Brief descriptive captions

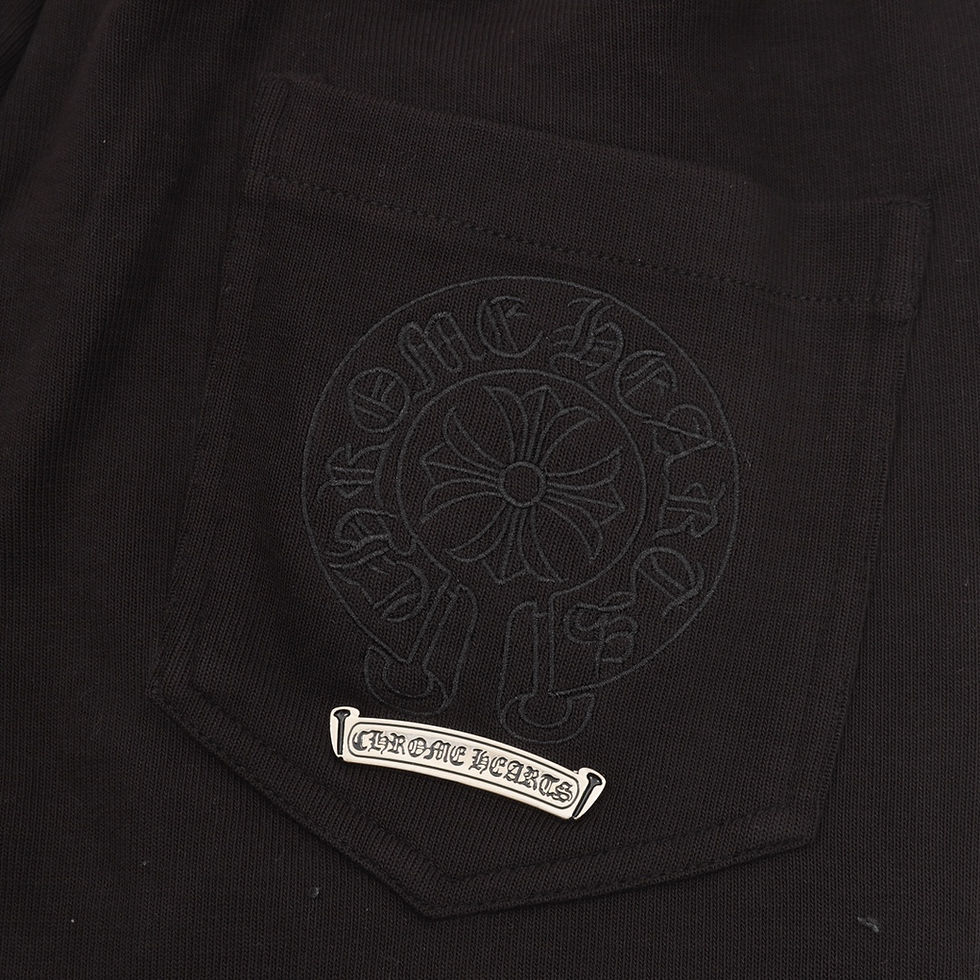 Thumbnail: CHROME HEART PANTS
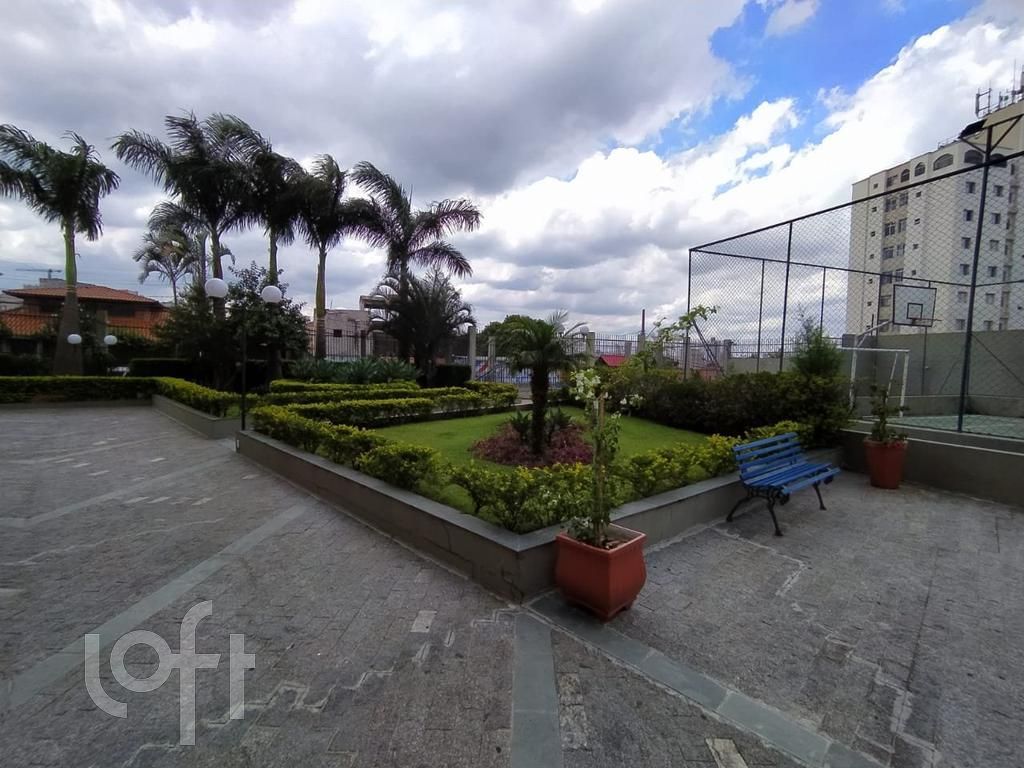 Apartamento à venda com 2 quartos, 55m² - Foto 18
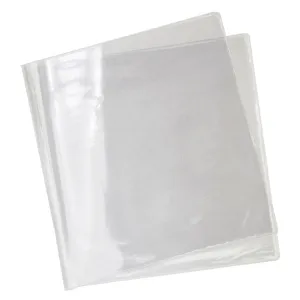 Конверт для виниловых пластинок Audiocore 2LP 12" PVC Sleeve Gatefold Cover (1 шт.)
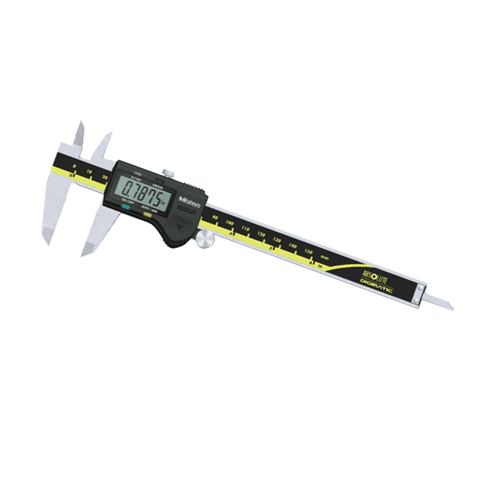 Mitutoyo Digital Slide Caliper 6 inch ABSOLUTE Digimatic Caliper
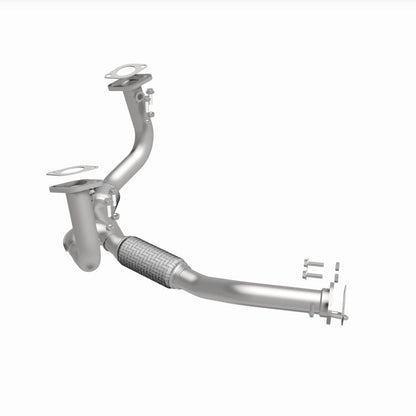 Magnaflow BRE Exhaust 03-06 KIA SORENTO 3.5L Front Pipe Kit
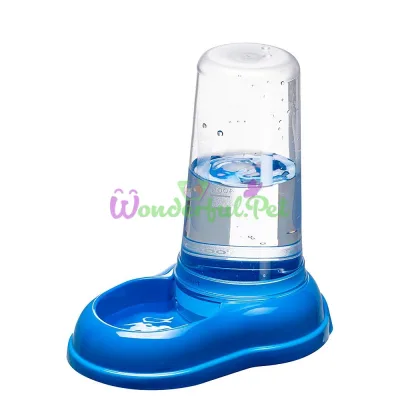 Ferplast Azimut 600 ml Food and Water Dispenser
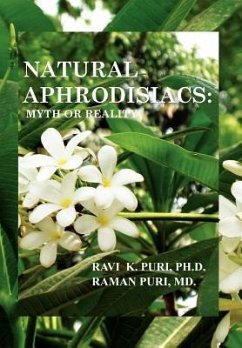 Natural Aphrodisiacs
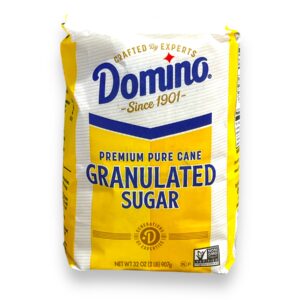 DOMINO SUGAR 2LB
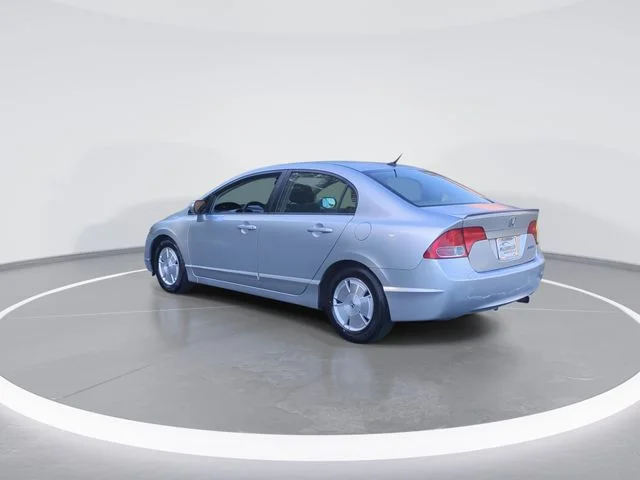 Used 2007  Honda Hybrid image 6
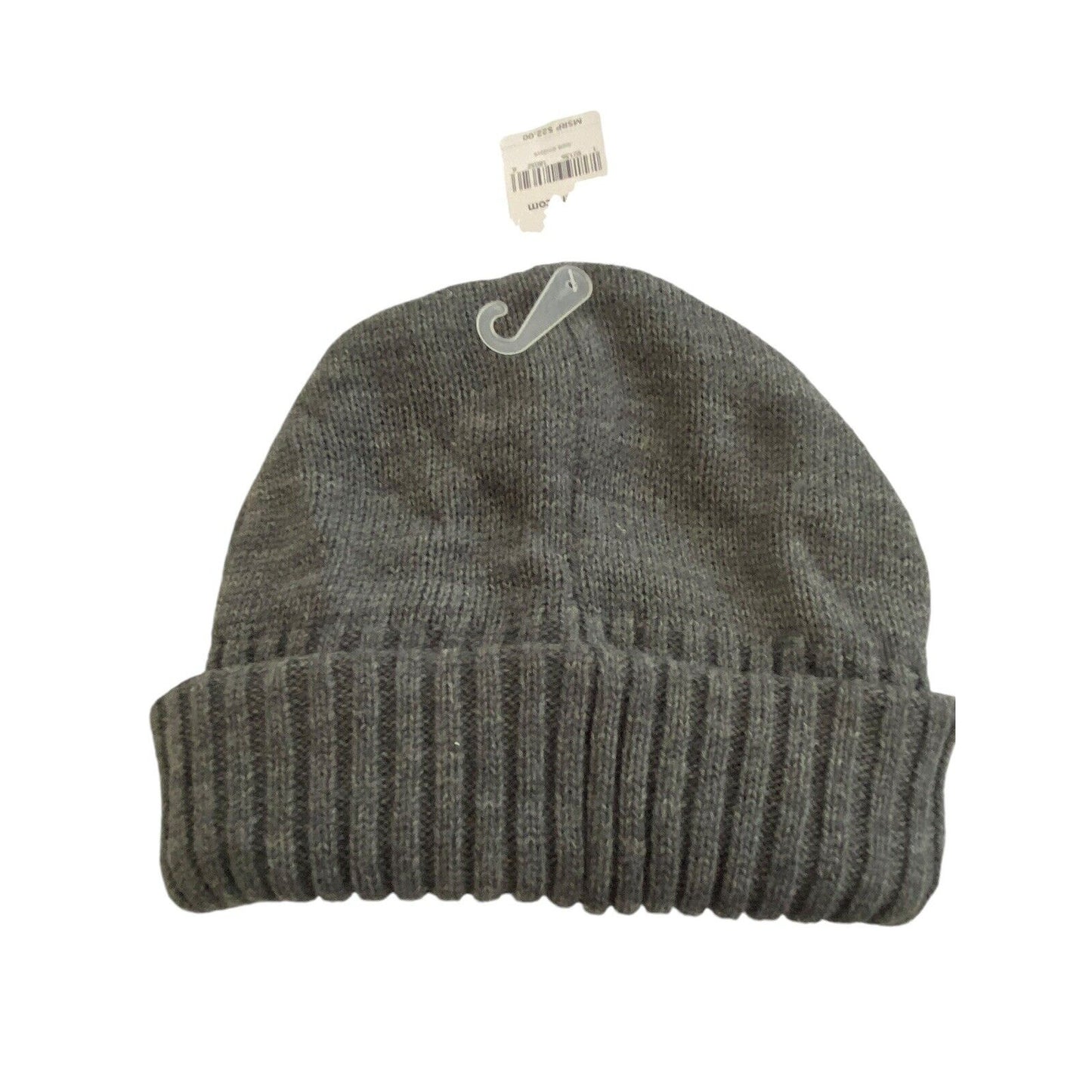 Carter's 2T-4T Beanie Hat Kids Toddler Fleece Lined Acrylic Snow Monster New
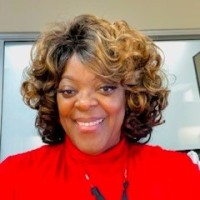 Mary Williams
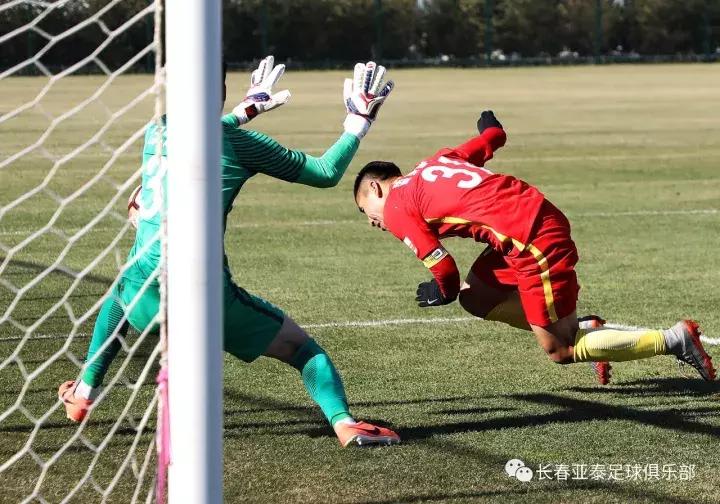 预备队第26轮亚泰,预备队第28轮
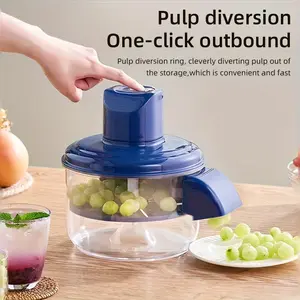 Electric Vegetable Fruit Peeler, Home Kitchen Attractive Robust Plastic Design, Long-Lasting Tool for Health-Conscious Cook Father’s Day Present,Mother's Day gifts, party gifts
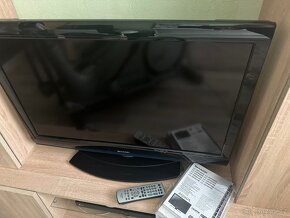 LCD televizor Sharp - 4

-- Action item --
Word for word, write out each line of the records, but leave the pictures behind.

-- Exercise output --
 Thumbnail: CHROME HEART PANTS
 Apartamento à venda com 2 quartos, 55m² - Foto 18
 Конверт для виниловых пластинок Audiocore 2LP 12" PVC Sleeve Gatefold Cover (1 шт.)
 Mitutoyo Digital Slide Caliper 6 inch ABSOLUTE Digimatic Caliper
 Magnaflow BRE Exhaust 03-06 KIA SORENTO 3.5L Front Pipe Kit
 Ferplast Azimut 600 ml Food and Water Dispenser
 Natural Aphrodisiacs
 DOMINO SUGAR 2LB
 Used 2007  Honda Hybrid image 6
 Carter's 2T-4T Beanie Hat Kids Toddler Fleece Lined Acrylic Snow Monster New
 Mary Williams
 预备队第26轮亚泰,预备队第28轮
 Electric Vegetable Fruit Peeler, Home Kitchen Attractive Robust Plastic Design, Long-Lasting Tool for Health-Conscious Cook Father’s Day Present,Mother's Day gifts, party gifts
 LCD televizor Sharp - 4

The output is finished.